# Lost its head!



## acerbity (Aug 17, 2008)

I have two adult female Texas Unicorns. One ate all the crickets I had dumped in, so the other decided to eat her!

She ate the head, arms, and two legs.

All that is left is the long thorax, a plump abdomen, and two legs.

The mantid has been alive for 3+ days now.

When I pick her up by the two remaining legs, she squeems and goes into a threat display with the wings.

I'm interested in seeing how long it survives with no head, as it was very well fed before this happened.
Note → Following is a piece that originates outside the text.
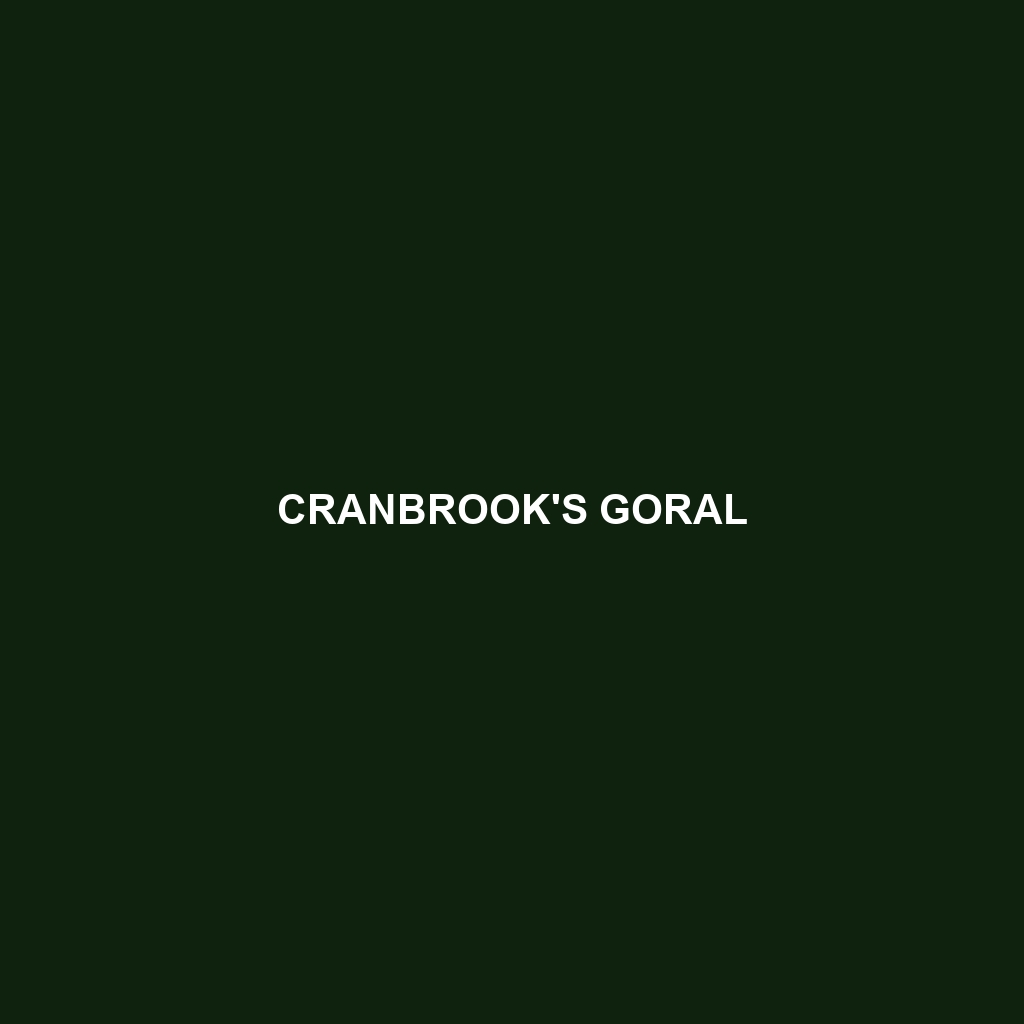 Cranbrook's Goral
She isn't feeling any discomfort if she has no head, right?


----------



## idolomantis (Aug 17, 2008)

O_O omg.. must be a very weird creature now...


----------



## Rick (Aug 17, 2008)

That's why you don't keep mantids together, especially not hungry adult females. Interesting how they can live without a head for awhile.


----------



## The_Asa (Aug 17, 2008)

That is really weird. It reminds of people who have lost a limb. Sometimes, even though the limb is not there, they can feel the presence of it, even have urges to scratch it :lol:


----------



## JennMantis (Aug 17, 2008)

That's very interesting... I have read about males continuing to mate without their heads, but I don't know how long they survive afterwards.


----------



## idolomantis (Aug 17, 2008)

it will survive just as long as it would without food.


----------



## randyardvark (Aug 17, 2008)

pictures? a video?


----------



## TylerFerretLord (Aug 17, 2008)

She'll live until she either starves or dehydrates to death, most likely the latter.

Many insects can live after they've been decapitated, thanks to the way their nervous system is set up.
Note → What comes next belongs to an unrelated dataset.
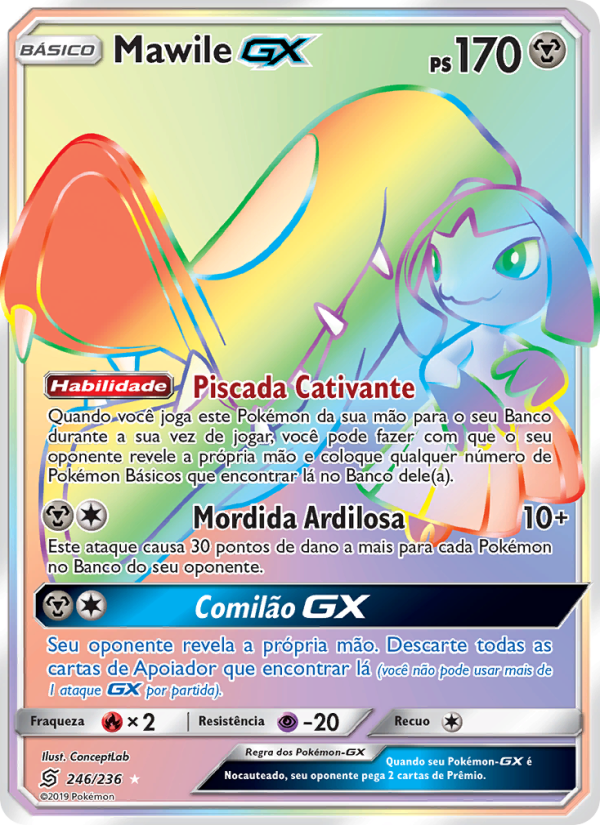 Mawile GX 246 — Sintonia Mental (Portuguese Pokémon TCG card)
I agree, a vid would be really neat.


----------



## acerbity (Aug 17, 2008)

The only way I could transfer my phone vid is to use a program with an awful watermark.

here is the bluray quality video:


----------



## idolomantis (Aug 17, 2008)

i commented. and faved. and rated. and watched.


----------



## collinchang635 (Aug 18, 2008)

Thats really weird. Is the poor mantid suffering?


----------



## acerbity (Aug 19, 2008)

Update: still alive, but just barely. I think that makes it about 5 days.


----------



## tnienhaus (Aug 20, 2008)

that's crazy...tough little bugger....such a fighter....its too bad you cant still feed it


----------



## collinchang635 (Aug 21, 2008)

Can it even walk in a straight line?


----------



## TylerFerretLord (Aug 21, 2008)

I'm pretty sure it can't even stand up from the video.


----------



## collinchang635 (Aug 22, 2008)

TylerFerretLord said:


> I'm pretty sure it can't even stand up from the video.


I guess you're right. From the video, when he put it down it couldn't stand. Poor thing


----------



## TylerFerretLord (Aug 22, 2008)

She's been alive for what, 8 days now? She'll probably go soon, if she hasn't already.

Most insects will last about a week after losing their head. Weird, considering how long they can go without eating, but I suppose the 'brain' they have controls some aspect of homeostasis, and the loss of that is what does them in. Now I need to look this up or it'll bother me.  

Please keep us updated, it's very interesting.


----------



## harryallard (Aug 22, 2008)

:blink:


----------



## acerbity (Aug 22, 2008)

I checked last night, and I'm pretty sure there is no life left in her.

My last post where she was still kicking a little is how long she was alive, give or take, so I'd say 5 days.


----------